# Graphic scores



## Phil loves classical (Feb 8, 2017)

How do you feel about graphic scores? There seems to be some that are more detailed in instruction, like Stockhausen's and Crumb's, while some that are completely up to the performer, as this one






Is it a marketing ploy? An opportunity for new artistic endeavours? Or is it putting the score above the heard music?


----------



## Flutter (Mar 26, 2019)

Phil loves classical said:


> How do you feel about graphic scores? There seems to be some that are more detailed in instruction, like Stockhausen's and Crumb's, while some that are completely up to the performer, as this one
> 
> 
> 
> ...


What a strange coincidence that I was just looking up Cardew........
I have a disk with a few of his works on but he doesn't pop up in my life near as much as his peers (which are frequent when I'm in 'classical mode')


----------



## Portamento (Dec 8, 2016)

_Treatise_ and _The Great Learning_ are considered to be Cardew's greatest compositions (and also two of his most wildly experimental). This is, of course, before he went AWOL and started making "people's liberation music."
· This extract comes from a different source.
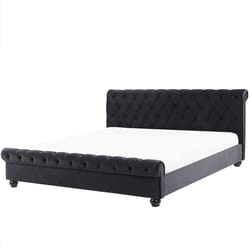 Bed Velvet AVALLON 180 x 200 cm (EU Super King) Black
As for graphic scores, if the performers are able to make something interesting of them, I don't have a problem at all. In fact, that YouTube link is a cool interpretation.


----------



## mbhaub (Dec 2, 2016)

Never heard that before - very interesting, weirdly beautiful. I have absolutely no idea how to even begin reading that "score". Does the graphic even represent the sound in some meaningful way? Nonetheless, quite beautiful.


----------



## Enthusiast (Mar 5, 2016)

Fascinating! This is the sort of thing I would have liked to explore in the thread about comparing jazz composition with classical composition. The design of Cardew's composition seems to leave a lot to the performers to decide? I can't imagine how it works as a score or how players approach it. It makes me suspicious of the music seeing what it comes from. But mostly it makes me want to understand how this way of composing works.


----------



## Mandryka (Feb 22, 2013)

Here's The Great Learning VII









and here's a performance of it. What I'd like to know is whether it's a final performance, how much rehearsal time there was, how many collaborative decisions etc.


----------



## Mandryka (Feb 22, 2013)

And here's an example from Cage's Song Books









which gives this type of result


----------



## Mandryka (Feb 22, 2013)

And here's Cardew's Treatise with score -- very well presented


----------



## Mandryka (Feb 22, 2013)

And the rather beautiful score of Xenakis's Pithoprakta with the music rolling out


----------



## Mandryka (Feb 22, 2013)

Three ideas seem to be operating in this music. One is radical indeterminism, more than the sort of inderterminism that you find in the Boulez 3rd sonata. I suppose there's a quasi surreal idea that the non-determined can produce some inspiring results. And the other is freshness, the freshness of very minimal structure -- the same sort of inspiration that Boulez found in Debussy's Jeux.

And the third, present in Cardew at least, is that this type of music is less elitist, more democratic (you don't have to be a college graduate, with all that means _de facto_ for social exclusion, to participate etc.) So it's a reflection of and an implementation of an egalitarian idea.


----------



## Phil loves classical (Feb 8, 2017)

mbhaub said:


> Never heard that before - very interesting, weirdly beautiful. I have absolutely no idea how to even begin reading that "score". Does the graphic even represent the sound in some meaningful way? Nonetheless, quite beautiful.


I heard it said that Cardew expected performers to agree on a certain interpretation and approach to the score before performing for consistency. In this case I noticed they generally did follow the tradition that lower position on y-axis means a lower pitch. Some of the more complex and closed shapes they did seem to wing it and stuck something more arbitrary in, but in a few cases ignored it completely.

But the question is does the score even represent a musical work? There are an infinite number of interpretations and each one is it's own piece of music unrelated (or is it?) to the other interpretations.


----------



## millionrainbows (Jun 23, 2012)




----------



## apricissimus (May 15, 2013)

Maybe a naive question: Aren't "traditional" scores also graphic scores, but just ones that we're very used to?


----------



## Portamento (Dec 8, 2016)

apricissimus said:


> Maybe a naive question: Aren't "traditional" scores also graphic scores, but just ones that we're very used to?


"Graphic notation (or graphic score) is the representation of music through the use of visual symbols *outside the realm of traditional music notation*." So no, not exactly.


----------



## Phil loves classical (Feb 8, 2017)

Portamento said:


> "Graphic notation (or graphic score) is the representation of music through the use of visual symbols *outside the realm of traditional music notation*." So no, not exactly.


I would add that traditional notation have much less room for interpretation. Some can visualize or hear the music just by reading the score. You can't do that with Cardew's, which is on the extreme side of the spectrum. Some have less room and give a range of pitch, as I recall at least Feldman's earlier pieces do.


----------